Generator Room, Black Brook Dam, Little Falls Wisconsin

During the 1950's Black Brook was maintained by a resident dam operator as a peaking operation. In the morning hours the Apple downstream would be nearly dry, rising by early evening to near flood stage levels as water was fed through the generator turbine. Today the Black Brook operation has two small generators and it can generate power during low water providing a steady flow of power 24 hours a day, year-round.

The dam operator works on a part time basis, about 2 hours a day. The dam has been abandoned in the recent past but is now economically viable with smart management and equipment that fits the river.

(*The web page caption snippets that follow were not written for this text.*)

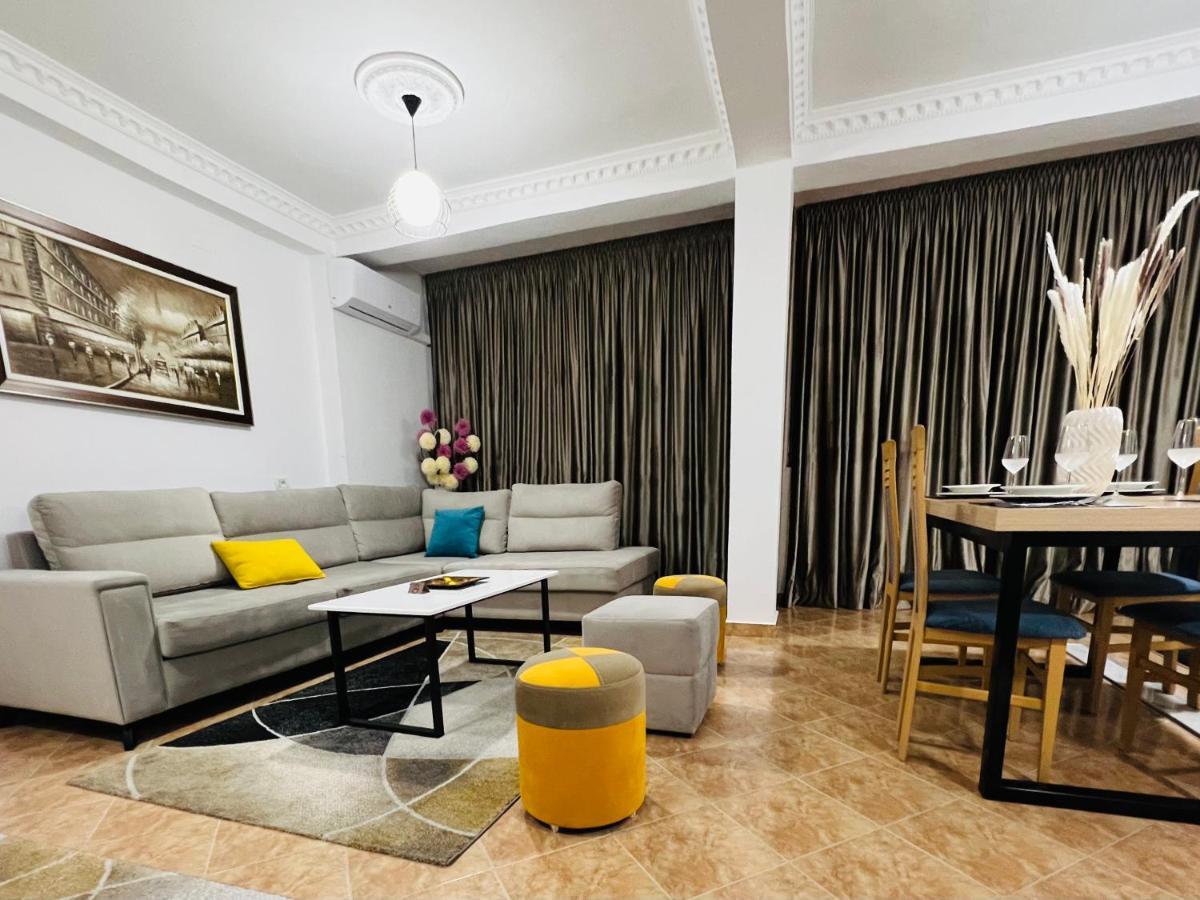 Daily Rent Apartment City Center Elbasan 6 エクステリア 写真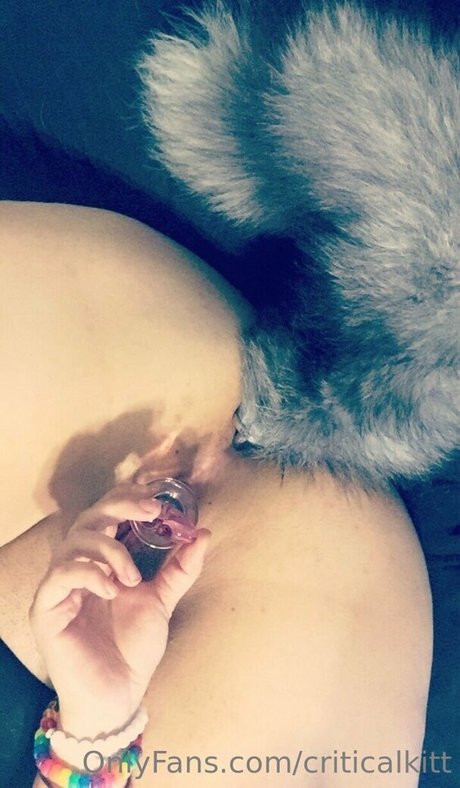 Naken läckt OnlyFans-bild av Criticalkitt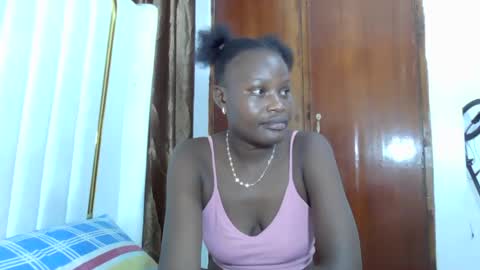 ESTHER online show from November 2025 07:57:02 PM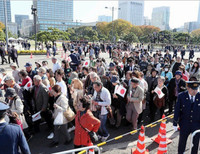 [Ảnh] Nhật hoàng và Hoàng hậu ngồi xe diễu hành trên đường phố Tokyo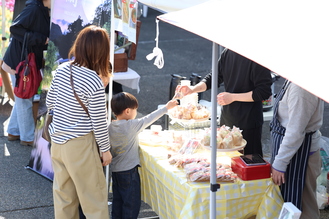 写真：マルシェの様子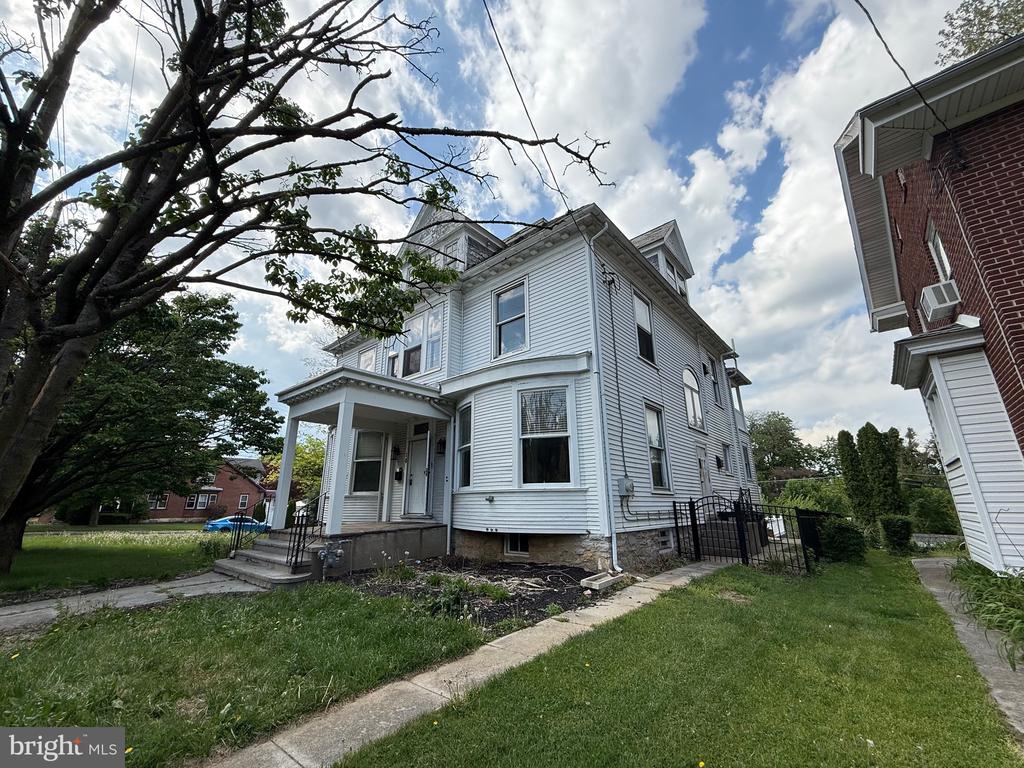 103 E Walnut St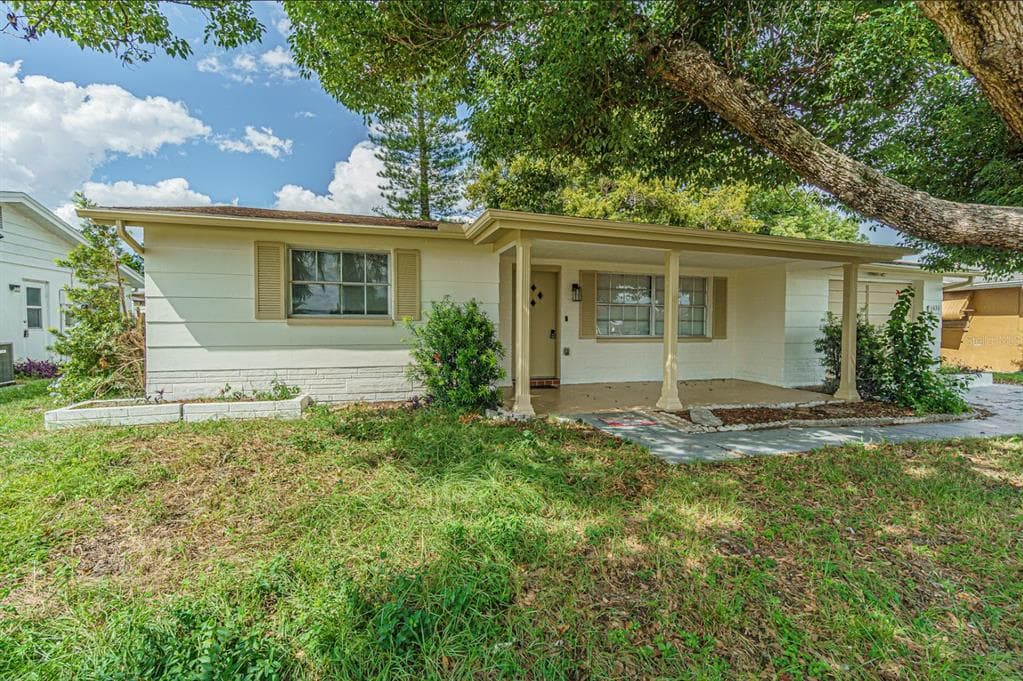 5631 RIDDLE ROAD HOLIDAY, FL 34690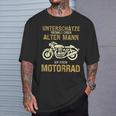 Unterschätze Niemals Alten Mann Motorrad Opa Papa Geschenk Kapuzenjacke T-Shirt Geschenke für Ihn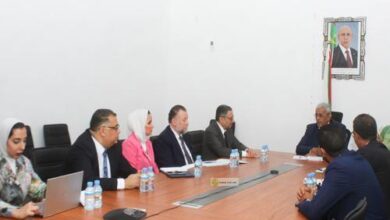 صورة وزير المياه يعقد جلسة عمل مع بعثة من الصندوق الكويتي للتنمية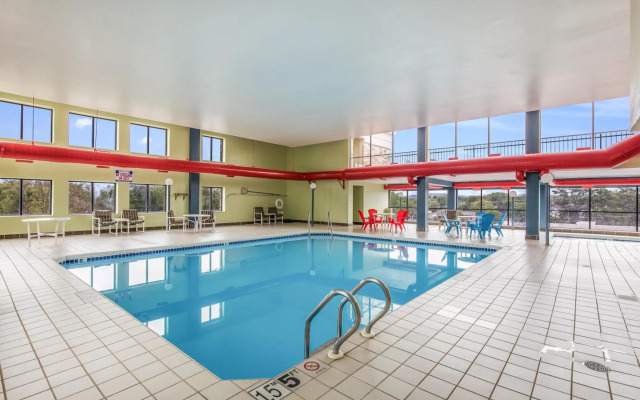 AmericInn & Suites By Wyndham Baraboo Event Center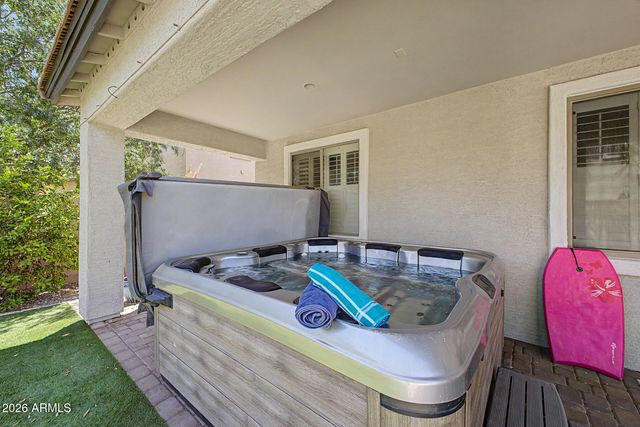 3228 E ANIKA Drive, Gilbert, AZ 85298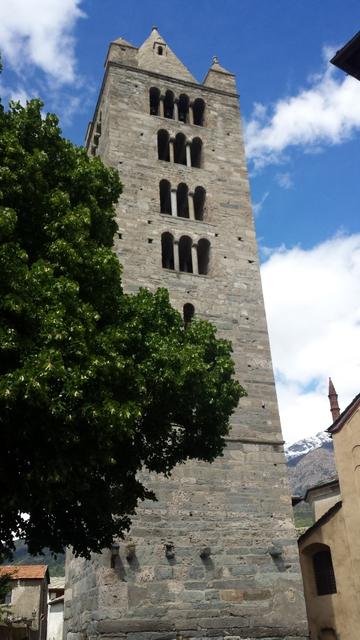 Blick zum 44 meter hohen romanischen Kirchturm 600 n. Chr. Er wurde auch als Wehr- und Wachturm benutzt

Black Brook Dam can feed power to users nearby with minimal line losses. The trend 20 years ago was to build very large power plants. The trend in the 2000's is to build smaller plants near the point of use with natural gas-powered turbines as the current leading choice.

Black Brook Dam Electric Panel
A vintage control panel manufactured by Electric Machinery, Minneapolis, MN many years ago that monitors each generator and keeps the Black Brook facility in sync with the Midwest area power grid. If the plant gets out of sync the facility is knocked off-line. Power plants and grids out of sync with each other would melt down if connected together.

The two light bulbs and the meter on the panel in the upper right hand corner indicate when the generators are in sync with the power grid. When the lights are off and the needle is in the middle, no voltage is present between the grid and Black Brook signifying a zero-voltage (safe) condition to connect. Steve says lightning will throw the facility out of sync and he has to reset the operation.

Not pictured is a monorail crane hoist in the high ceiling. This is necessary to service and repair the equipment over the long service life of a generator. The high ceiling is necessary when pulling the long shaft with the turbine submerged below the surface of the Apple.